Friday, March 11, 2011

Questioning Self-Interest

As a skeptic, I often find myself questioning my own intuitions. It's a very healthy thing to do, in my opinion. Physicist Richard Feynman once mused, "The first principle is that you must not fool yourself -- and you are the easiest person to fool." Our intuitions are subject to all sorts of personal biases that have been ingrained in us by genetics and experience, mostly unbeknownst to us, and therefore don't necessarily have any truth behind them. Instead, they do little but serve our desire to pursue our own interests.

As a matter of fact, humans are self-interested. That's just the way it is. And, yes, to a large extent, most human behavior can be descriptively summed up as either a product or byproduct of adaptive evolution. I fully admit that this includes most moral behavior as well. People generally act according to the desires of others because it is within their interest to do so. The point of this post is not to deny this most basic fact, but instead it is to question whether bowing to self-interest is reasonably valid.
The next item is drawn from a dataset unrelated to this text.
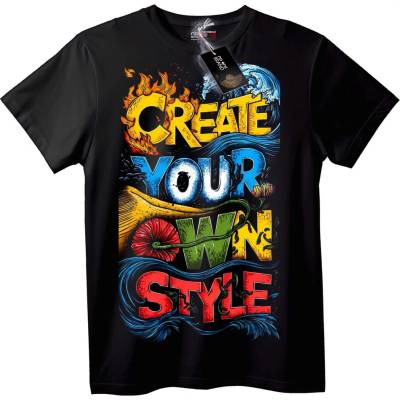NOONEBRAND Създайте Своя Стил Тениска - 2XL, Black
Acting in one's self-interest seems intuitively reasonable, but I believe that this is nothing more a product of a very strong bias. There is nothing reasonable about considering your own interests whilst not considering the interests of others. If this is correct, it at least puts a selfless person on equal rational footing with a selfish person. But, I think it can be demonstrated that being selfless is in fact more reasonable than being selfish.

A selfless person views the world in a more impartial manner. Where the selfish person only considers his own interests, the selfless person considers the whole scope of interests when choosing a course of action. He takes more variables into account, and sees himself as but one conscious being in an entire society of beings, all having interests of their own. He understands that, just as he values his own interests, others do the same, and that his own interests are no more intrinsically important than another's. 

This, to me, is a much more reasonable position to take. It is the difference between blindly bowing to the external and biological forces that forged you, and actually applying critical thought to how you ought to act. It's the difference between being little more than a dog tied to a cart and being a freethinking individual.